Thank regulators and households for prudence and our apparently reduced vulnerability to crises

First Adani and then SVB have left India stirred but not shakenPremium
First Adani and then SVB have left India stirred but not shaken

India has faced many tough situations. However, the country’s long-term resilience, macro policy reform opportunities and improving standards of regulatory governance have ensured that India has always recovered from a crisis. As the former Reserve Bank of India (RBI) governor Raghuram Rajan remarked in his maiden speech as the central bank’s chief, the words ‘India’ and ‘crisis’ should never be used together in a sentence.

Be it a situation brought about by self-goals, as in 1991, 2000, 2013 and 2016-2018, or driven by external events, as in 1998, 2008 and 2020, India has always been ‘stirred but not shaken’ (apologies to James Bond who likes his martini cocktail the other way around).

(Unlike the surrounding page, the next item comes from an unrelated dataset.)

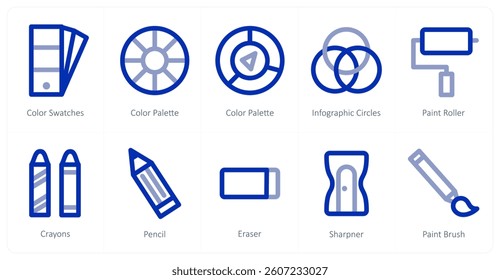 A set of 10 micro icons as color swatches, color palette, infographic circle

The fact that real Indian GDP growth has averaged above 6% over the past four decades is a testament to this. In the last 20 years, India’s stock indices have returned twice what US indices have and grown much more than China and other emerging markets, to the dismay of global investors who stayed under-weight on India with fund allocations.

Yes, India is chaotic. It is a democracy, has corruption weeded in its governance and has under-achieved. However, in this chaos lie opportunities; in Indian democracy lie checks and balances; in its corruption is scope for a clean-up; and India thus continues to disappoint both optimists and pessimists alike.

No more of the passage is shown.